Aside from these working practices, other fundamental issues exist that relate to the content being searched. Search engine algorithms and system designs are built using the major languages of the platform developers and their locations; thus, any given search engine may have uneven coverage across different languages. According to a survey by W3Techs (2021), English is the most widely used language for online content, encompassing 63 percent of the content on the World Wide Web, despite the fact that a significant amount of non-English content, such as Russian, Spanish, and French, is available. Although Google attempts to use a different default language for each domain (e.g., Google.co.kr defaults to Korean; Google.fr defaults to French), its default website, Google.com, defaults to English. Therefore, English is the most used language on Google.com. Content written in languages other than English is likely to receive less exposure on Google.com. Moreover, the accuracy and quality of search results for non-English language content may be low due to Google’s flawed ability to understand search queries written in other languages. This can cause issues with content that does not properly reflect other less dominant geographic, demographic, cultural and even linguistically variant contexts in the results. This will be further discussed in the later section on cultural dimensions.

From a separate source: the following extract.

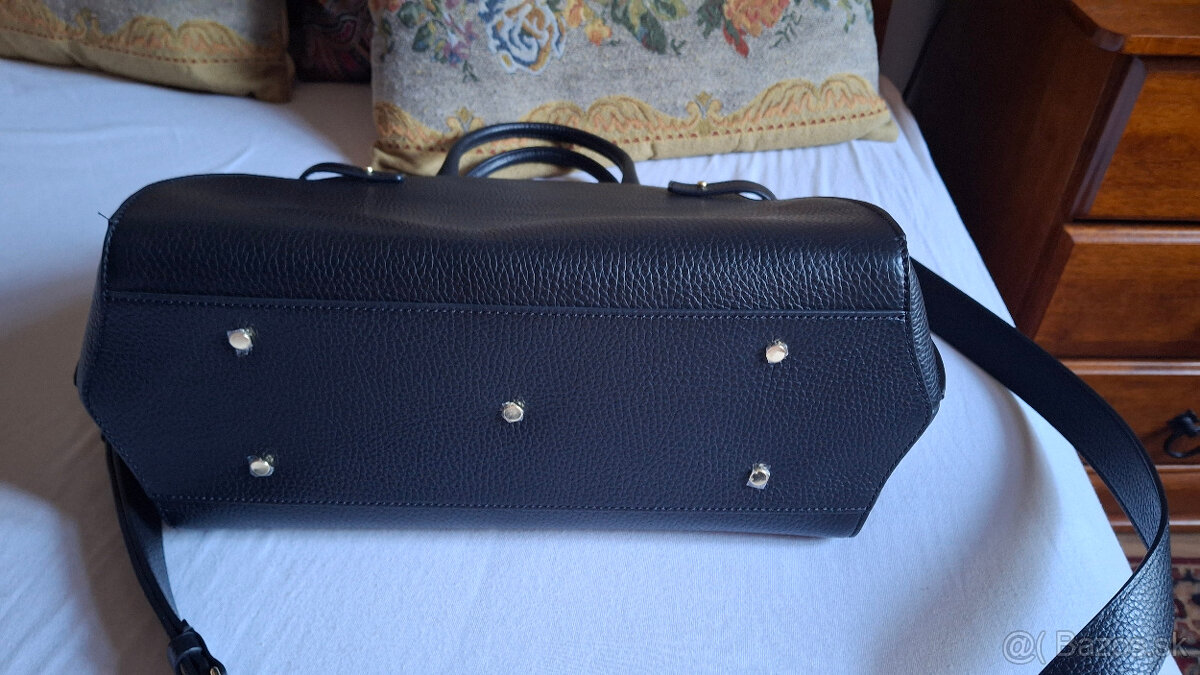 tmavomodrá kabelka coccinelle - nová - 8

Step 2. Ranking: Many researchers and scholars (Goldman, 2006; Lorigo et al., 2006; Rodden et al., 2008) emphasize the significance of search result ordering, highlighting that users tend to browse only the top few search results, particularly the first two results. According to a study conducted by SISTRIX in 2020, which analyzed over 80 million keywords and billions of search results, they found that the average click-through rate (CTR) for the first position in Google was 28.5%, followed by 15.7% for the second position and 11% for the third position. As Goldman (2006) states, one of the most important principles of search engine automated operations: if a website is chosen by the majority of users by satisfying their interests, it should be highly ranked. However, this can lead to algorithmic decisions that misguide search results for users who fall outside of the mainstream. Due to their nature, these algorithms may categorize the preferences and opinions of minority groups as error, without offering a detailed explanation of specific data points or a transparent policy for retrieving the best possible results (Hardt, 2014). For instance, Google’s popular ranking algorithm, ‘PageRank’, assesses the value of websites by looking at how many important websites link to them. It gives weight to the elements of hyperlinked documents in order to measure the relevancy and quality of web pages. This process implies that if a website is popular and highly visible, it is considered to be important by Google’s platform.
Aside from these systematic flaws of skewed data presentations, companies may also intentionally introduce biases related to race, gender, and other minority classes into their search results. For instance, in her book “Algorithms of Oppression” (2018), Safiya Noble examines how Google’s search results reflect users’ underlying desires, needs, interests, and biases. She specifically highlights the problems of racial and gender biases embedded in these results from a Black feminist perspective. Hargittai (2018) highlights the tendency in media to prioritize the opinions of individuals with high social status, often representing and utilizing their viewpoints more frequently.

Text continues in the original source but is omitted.